# Where can I get a plow from? HELP



## kg26 (Feb 5, 2013)

I've been in dealerships for the past 3months and the cost of a new plow is beyond me right now. I'd like a second hand plow for a 2000 Silverado 1500 Z71. I've look on Craig's list and have seen 7'6'' Western subs for sale I like those I think they will fit my needs, as I am only doing residential and a small lot for now. 

What parts will I need if I do find a plow I like on craig's list? 
1. The plow
2. The truck mount
3. The Wiring Harness
4. The plow controller am I missing anything?


Another question with it being January 10, does it even make sense to buy a plow this late in the season? I've been getting by with a new 2 stage snow thrower.


----------



## Martinson9 (Dec 6, 2006)

Where are you? In Minnesota we still have a lot of snow to plow. The question is, can you find any business this far into the year. In most places you would probably have a hard time finding accounts.


----------



## kg26 (Feb 5, 2013)

In Mich, still getting calls. Do I have all the parts to the plow correct?


----------



## 32vld (Feb 4, 2011)

What kind of prices are you seeing for new?

Dealers will give better prices after the season.


----------



## kg26 (Feb 5, 2013)

$3600-$4300


----------



## MajorDave (Feb 4, 2011)

Seems very reasonable...and yes - you got it all...basically tell em you need EVERYTHING - Plow side & Trucks side!


----------



## Whiffyspark (Dec 23, 2009)

kg26;1717375 said:


> $3600-$4300


After you buy a uses blade budget at least $1000 for wiring mount etc

New ain't so bad


----------



## TPCLandscaping (Jan 19, 2012)

find a cheap 3/4 ton with a plow already on it and put your half ton away for the winter… you can thank me later


----------



## quigleysiding (Oct 3, 2009)

TPCLandscaping;1717391 said:


> find a cheap 3/4 ton with a plow already on it and put your half ton away for the winter… you can thank me later


x2..........


----------



## ColliCut (Dec 22, 2013)

It can be somewhat difficult (not impossible) to piece together everything you need, as used pieces are hard to find and the prices for new wiring/controller/mounts makes it impractical to buy a used blade. I recommend holding out until you can find a complete set-up that came off your style truck. That's what I did (ended up finding a Western Uni-Mount 7'-6" Poly in great shape for $2,500 on Craigslist), and I don't regret it at all. I spent about $100 replacing all of the hardware and some of the wiring terminals; other than that, I had every single piece that I needed to install it on my truck.

As far as your original question of where to find them... I Googled everything I could think of, and Craigslist was really the best bet. I recommend using a website called Search Tempest, as it will allow you to search all Craigslist locations within a set range, rather than you having to repeat your search on each Craigslist site.

Good luck!


----------



## kg26 (Feb 5, 2013)

TPCLandscaping;1717391 said:


> find a cheap 3/4 ton with a plow already on it and put your half ton away for the winter… you can thank me later


Normally I would think that is a great idea however I cant help but to wonder why are the ones I am seeing for sale and we are still getting snow. Its for sale for a reason.


----------



## MNPLOWCO (Nov 22, 2009)

I have at Fisher MM2 with steel snow foil / new intensifier lights / 1 year old cutting edge with back drag angle iron available. Everything you need.
1. Mount for Chev. (GMC) your year I had it on a older 2003
2. All wiring harness's
3. Fish Stick
4. New motor (1 year)

All in working order. All complete. I have pics but not sure how to get them on the site.

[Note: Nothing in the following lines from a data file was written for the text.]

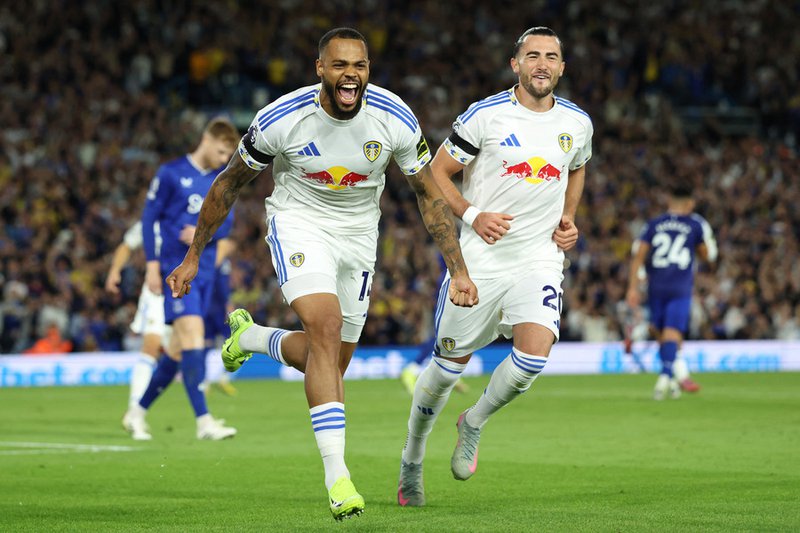 Leeds United's German striker #14 Lukas Nmecha (L) celebrates after scoring the opening goal from the penalty spot during the English Premier League football match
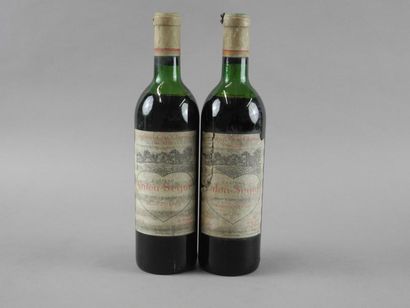 2 bouteilles CH. CALON-SEGUR, 3° cru Saint-Estèphe...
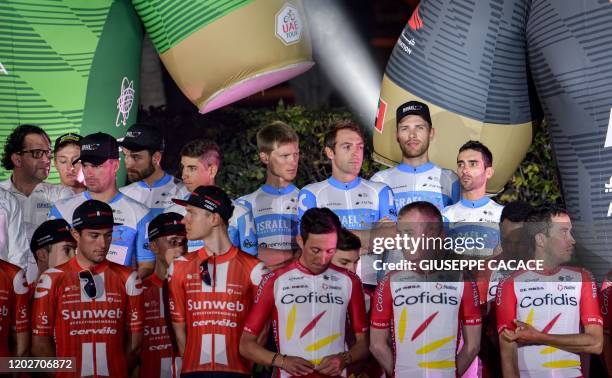 Members of Team Sunweb , Team Cofidis , and Israel Start-Up Nation team pose on the stage during the cycling teams presentation ceremony on the eve...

Photos shows well. (what looks like rust on moldboard is NOT. It is just
dirt from slop clean up. I sprayed the blade with WD as things were sticking
as I ran out of my regular spray, so dirt had clung.

I'm in MN. so..........
PM me and give me an email and I can send picks. Price negotiable.
How to deliver?? If you are far away.??


----------



## MNPLOWCO (Nov 22, 2009)

7 1/2 fisher (forgot to add the length)


----------



## kg26 (Feb 5, 2013)

*Pictures Fisher plow*

Yeah, I'm about 700 miles away in the greater Detroit area. IF you up load them to snapfish or flikr and embed the url I could see them that way.


----------



## TPCLandscaping (Jan 19, 2012)

kg26;1717604 said:


> Normally I would think that is a great idea however I cant help but to wonder why are the ones I am seeing for sale and we are still getting snow. Its for sale for a reason.


your right… ideal situation is to do what i stated, but i would try not to plan using your half ton for long term… even my one tons i cringe to plow snow with and wonder what repairs i'll need before lawn season.


----------



## MNPLOWCO (Nov 22, 2009)

The plow is now garaged, but I can take photos from different angles if needed, it may take me a day.


----------



## tpendagast (Oct 27, 2012)

IF it were me, I'd rent/lease an Ag tractor and buy a Kage.
I wouldnt put a plow on a light duty truck (anything below f450 is light duty) if I didn't absolutely have to.

at the end of the season, tractor goes away after storing Kage Box/Blade.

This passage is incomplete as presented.